Tags: ai, generative-ai, llms, ai-assisted-programming, ai-agents, coding-agents
AI Summary and Description: Yes
**Summary:** The text delves into the concept of coding agents, particularly focusing on tools like Anthropic’s Claude Code and OpenAI’s Codex CLI, emphasizing their potential and risks in producing working code. With an increasing reliance on AI for development, understanding how to leverage such agents through effective design and security measures becomes crucial for professionals in software development and AI security.
**Detailed Description:**
The article discusses the transformative impact of advanced coding agents powered by Large Language Models (LLMs) on programming practices. It highlights key aspects of utilizing these agents while addressing the associated risks and necessary safeguards.
– **Key Innovations:**
– **Coding Agents:** Tools like Claude Code and Codex CLI can directly execute and evaluate code, making them versatile for problem-solving.
– **Agentic Loops:** A novel skill where coding agents are designed to iterate through a problem-solving process, refining their approach based on achieved outcomes.
– **Risks of Coding Agents:**
– **Poor Decision Making:** Agents can inadvertently execute harmful commands or fall victim to prompt injection attacks.
– **Dangerous YOLO Mode:** The concept of YOLO mode allows agents to run commands with minimal supervision, which can lead to:
– Bad shell commands causing data loss.
– Exfiltration attacks targeting sensitive files.
– Using the user’s machine as a proxy for further attacks.
– **Mitigation Strategies:**
– **Secure Sandbox Environments:** Running coding agents in restricted settings can limit their access to harmful commands and sensitive data.
– **Tightly Scoped Credentials:** When credentials are necessary, using them only in test environments with budget limits is recommended.

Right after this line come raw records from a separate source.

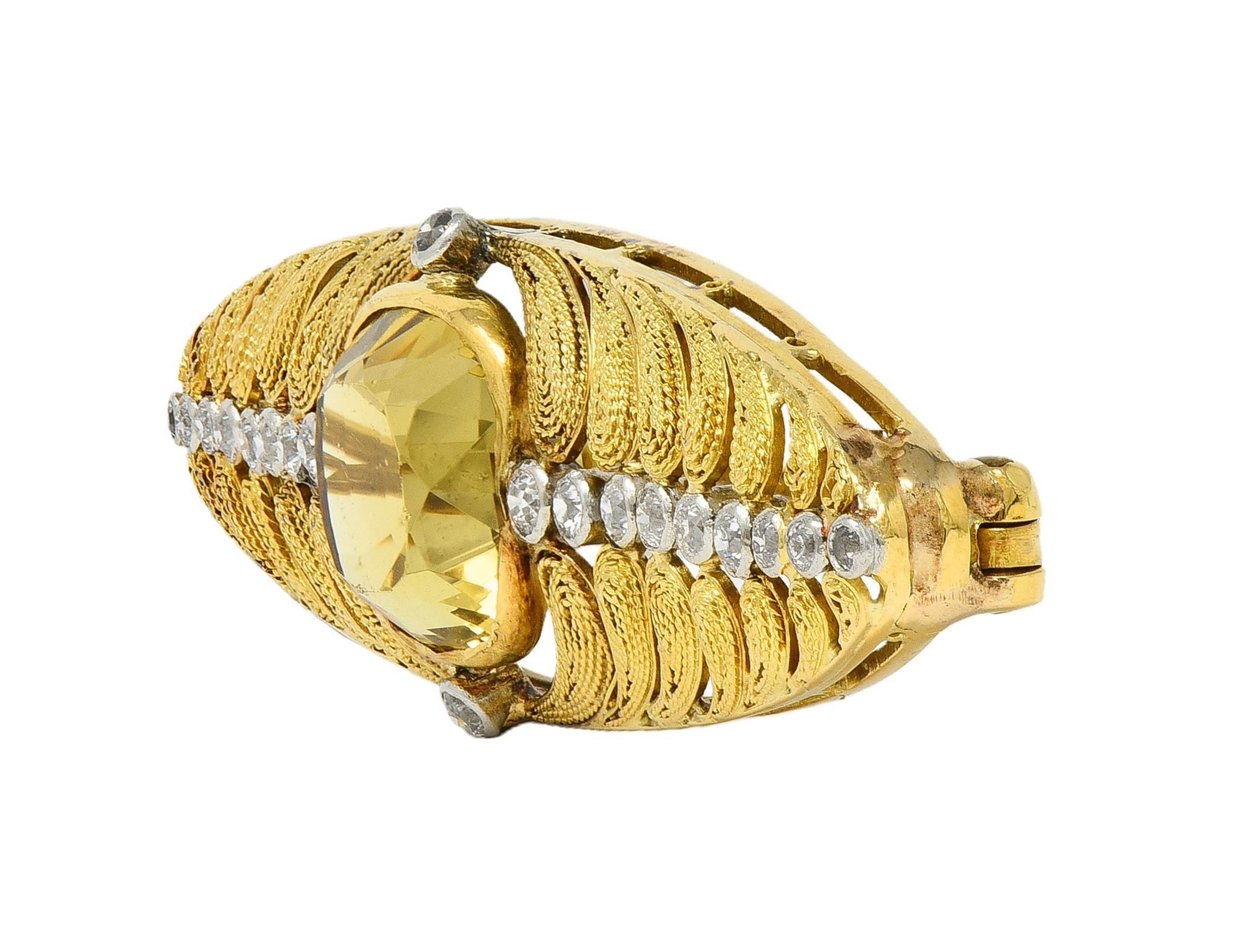 Art Nouveau Louis Comfort Tiffany & Co. Spilla antica in oro 18 carati con diamante citrino e platino in vendita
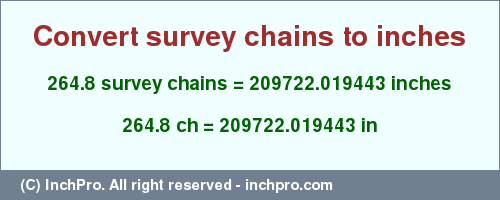 Result converting 264.8 survey chains to inches = 209722.019443 inches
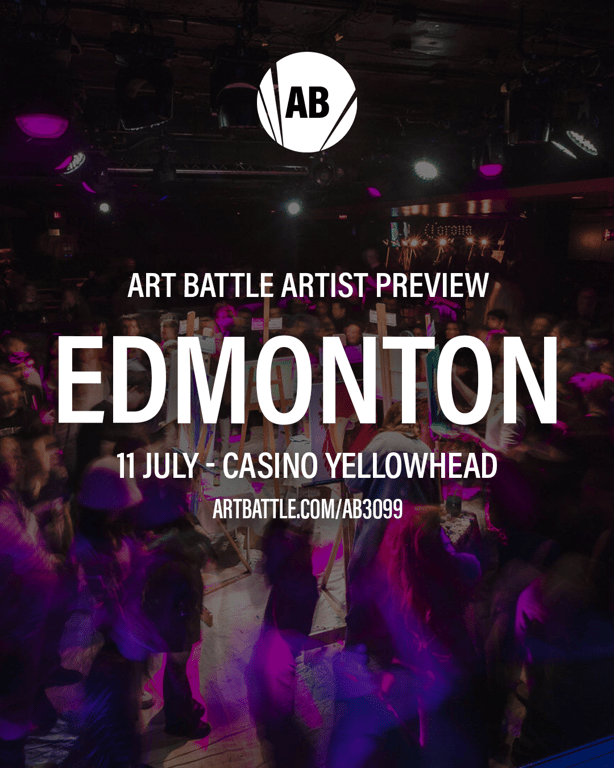 Promotional asset for Art Battle Edmonton on July 11, 2026: ab3099_artists_preview.png.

– **External Computing Resources:** Utilizing platforms like GitHub Codespaces or other container environments can mitigate risk while enabling coding agent functionalities.
– **Design Considerations:**
– **Tool Selection:** Choosing appropriate tools and commands for coding agents enhances their efficacy.

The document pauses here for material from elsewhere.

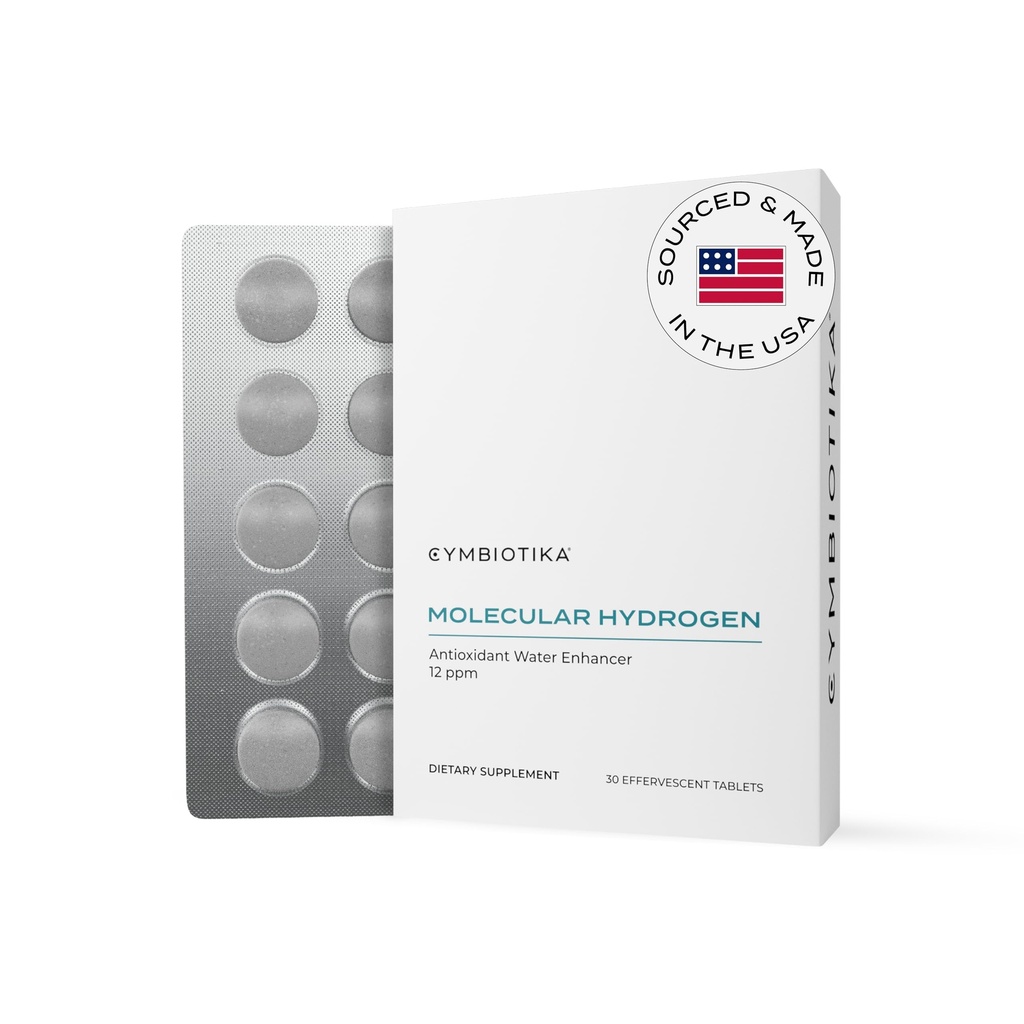 CYMBIOTIKA H2 Molecular Hydrogen Water Tablets mit Magnesium, Energy Boost, Glutenfrei, Keto Antioxidant Getränk, Fast Dissolving Supplements, Hilft gegen Entzündung & Stress 30 Tabletten, 12 ppm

– **Scope of Credentials:** Limiting credential access to the least privilege necessary is essential for maintaining security.

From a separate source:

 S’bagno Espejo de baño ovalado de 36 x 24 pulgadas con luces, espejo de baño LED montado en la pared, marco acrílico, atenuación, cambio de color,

– **Situations for Implementation:**
– Problems with clear success metrics.
– Potential for iterative trial-and-error solutions, such as debugging, performance optimization, and dependency management.
– **Future Implications:**
– The concept of designing agentic loops is emerging, given the infancy of these tools (e.g., Claude Code was released in February 2025). The ongoing development will require professionals to adapt and innovate in their use of AI tools.
Overall, the text serves as a rich foundation for security and compliance professionals to consider the challenges and opportunities presented by LLM-powered coding agents in software security and AI governance. Understanding the balance between functionality and risk management is key to leveraging these emerging technologies effectively.